• [What you have to do]: Give an exact transcription limited to the lines from the one with "DACHETOU Mueble de" through the end of the entries, including both; no pictures belong in it.
Start of Data for the task
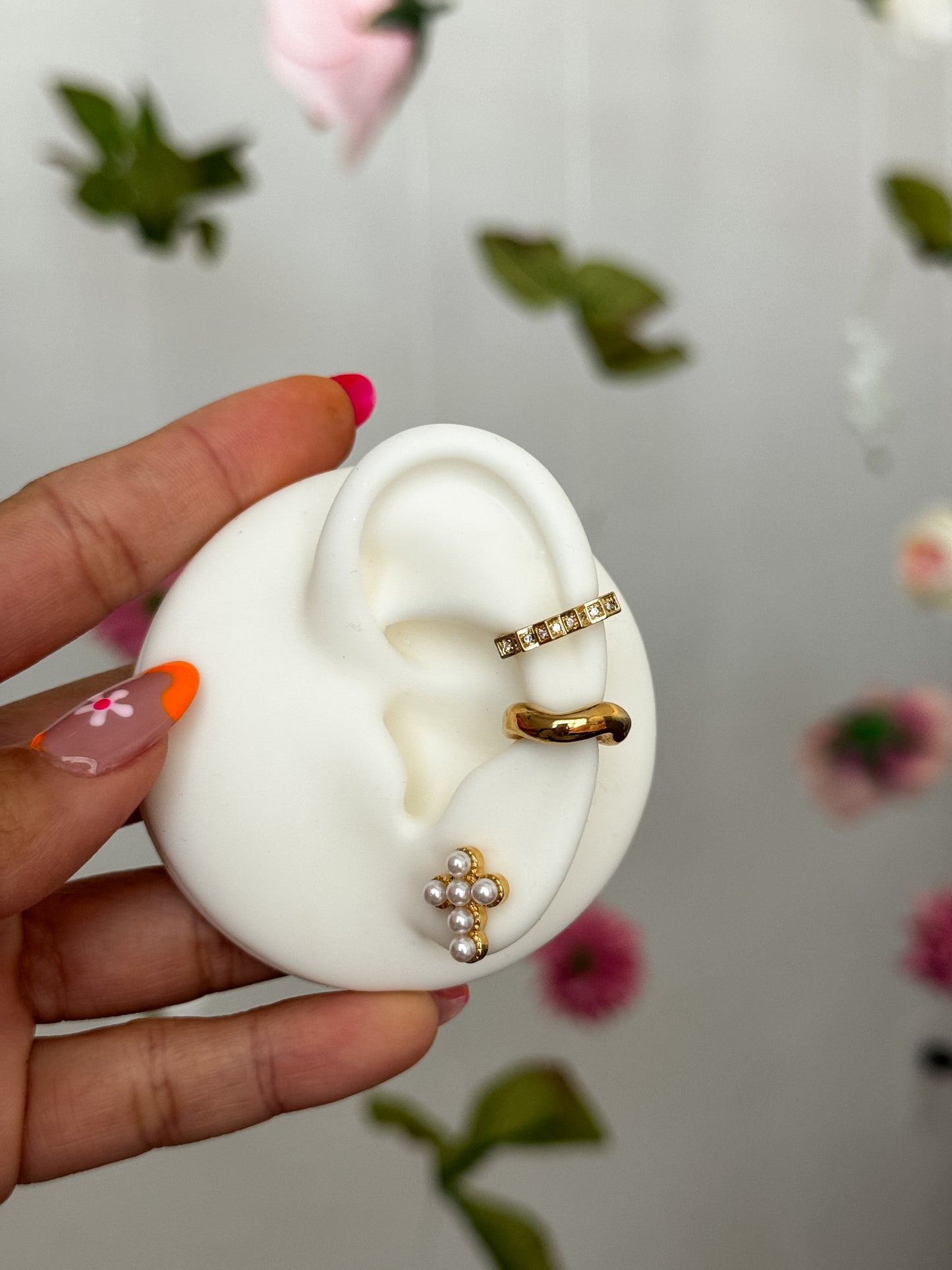 Hanni Earcuff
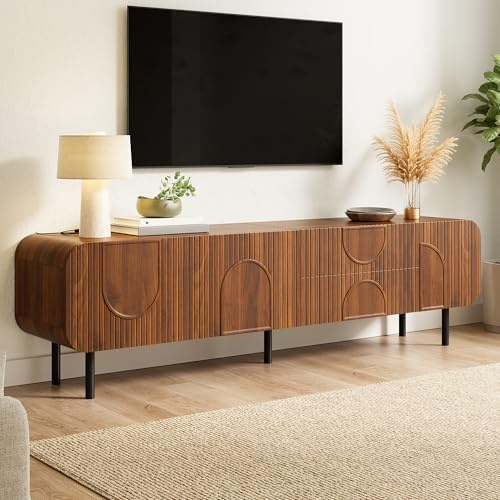 DACHETOU Mueble de TV con 3 puertas 180 x 40 x 47,5 cm, 2 cajones, ranuras verticales, relieves arqueados, esquinas redondeadas, patas metálicas, armario de salón, mesa de televisión, color nogal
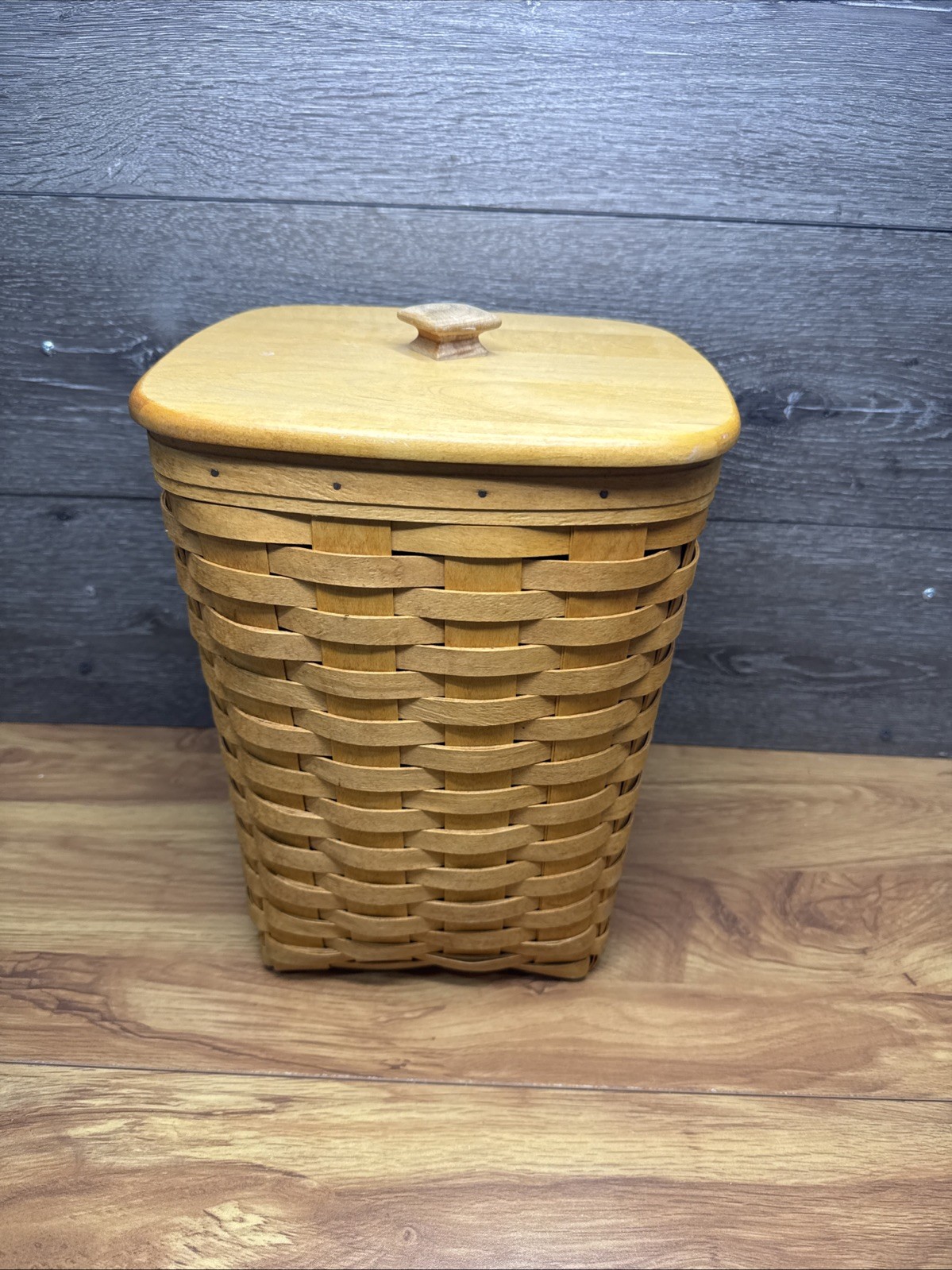 VNT 1999 Longaberger LARGE  Basket with Plastic Protector and Lid 11.5x9.75”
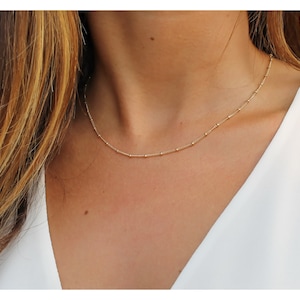 Collar con cadena tipo satélite delicado: chapado en oro de 14 quilates o plata de ley • B108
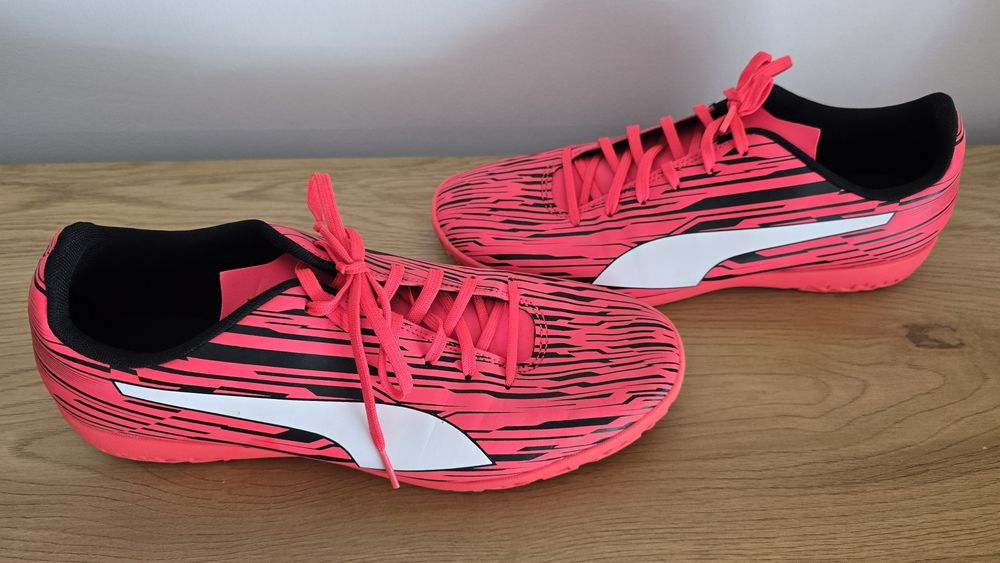 Vendo TENIS PUMA - Men's Rapido III It Indoor Soccer Shoes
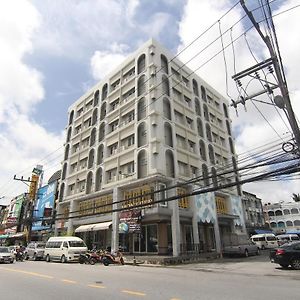 Montree Phuket Hotel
End of Data for the task
• [Answer section]:
 DACHETOU Mueble de TV con 3 puertas 180 x 40 x 47,5 cm, 2 cajones, ranuras verticales, relieves arqueados, esquinas redondeadas, patas metálicas, armario de salón, mesa de televisión, color nogal
 VNT 1999 Longaberger LARGE  Basket with Plastic Protector and Lid 11.5x9.75”
 Collar con cadena tipo satélite delicado: chapado en oro de 14 quilates o plata de ley • B108
 Vendo TENIS PUMA - Men's Rapido III It Indoor Soccer Shoes
 Montree Phuket Hotel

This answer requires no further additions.